An array destructing specification choice

Lasse Reichstein reichsteinatwork at gmail.com
Sat Nov 5 09:59:40 PDT 2011


On Sat, Nov 5, 2011 at 5:28 PM, Allen Wirfs-Brock <allen at wirfs-brock.com> wrote:
> In the following declaration, what should be the value of z?
>
> let [z,y,z] = {0:0, 1:1, length: 2, 2:2};

(I assume the pattern should be [x,y,z], not [z,y,z], or am I missing a point?)

> should it be be 2 or undefined

If it does anything at all (and not, say, throw a TypeError because
the RHS isn't an Array, which it won't), I'd go for 2.

There is no reason to involve RHS.length at all.
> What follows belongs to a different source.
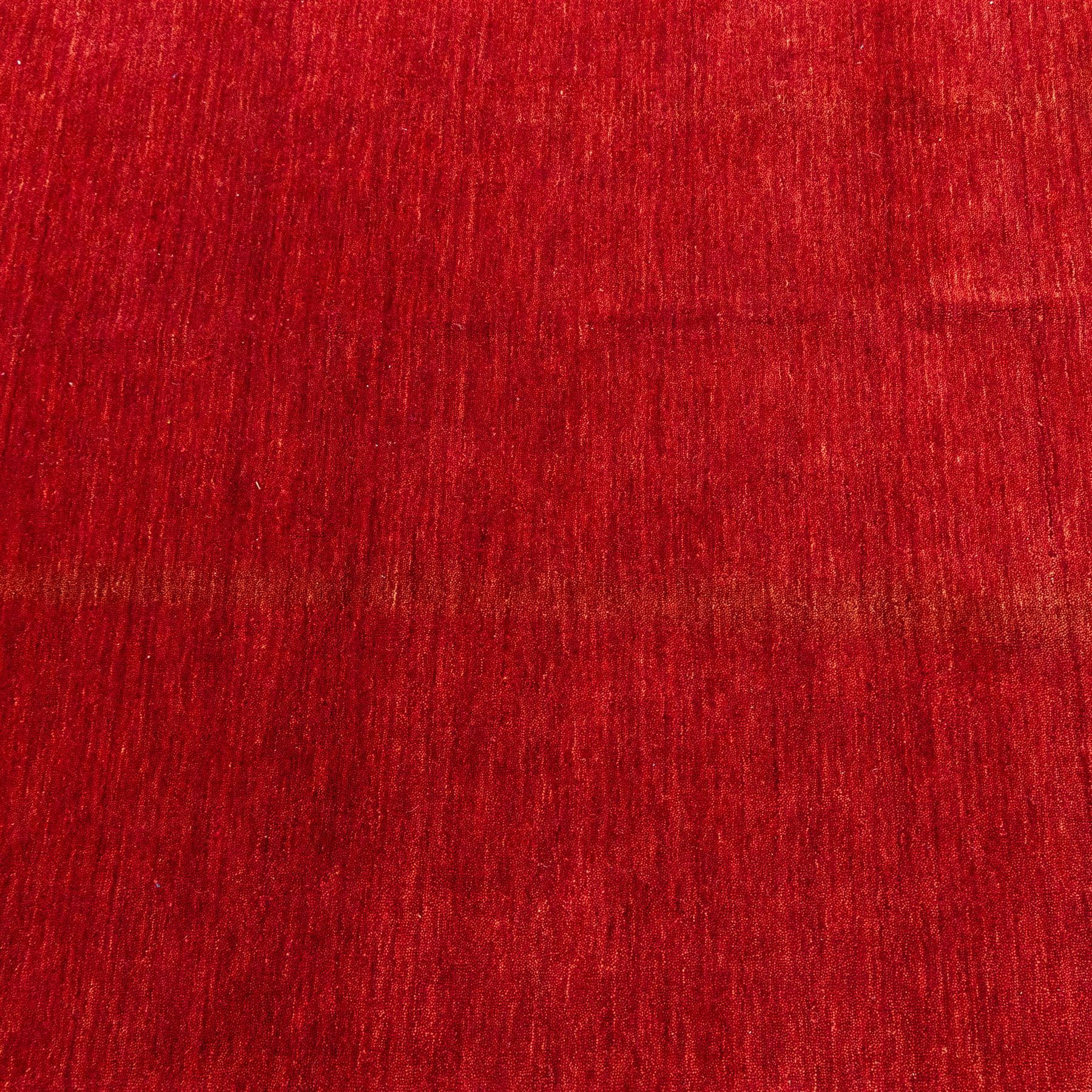 Two contemporary Moroccan Berber hand-woven rugs, deep madder red field of plain design, 199x153cm, other with deep madder red field with a simple lattice of ivory lines forming panels with some tonal variation, 190x146cm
The LHS isn't an
array, why should it require array-like-ness of the RHS. The LHS
together with the assignment operator is a construct that binds the
properties "0", "1", and "2" of the object on the RHS to the variables
"x", "y", and "z". It should be equivalent to the pattern {0:x, 1:y,
2:z}.

What if the RHS doesn't have a length property at all? Or it has one
with a value that isn't convertible to a number? No need for that
complexity.

> undefined might be reasonable because it is an array pattern, and the source object is only has two "array-like" elements
> 2 might be reasonable because the source object actually has a property named "2"
>
> Which alternative will be least surprising to JS programmers?

Mine, obviously. At least the least surprising to me.
I've learned not to generalize from that.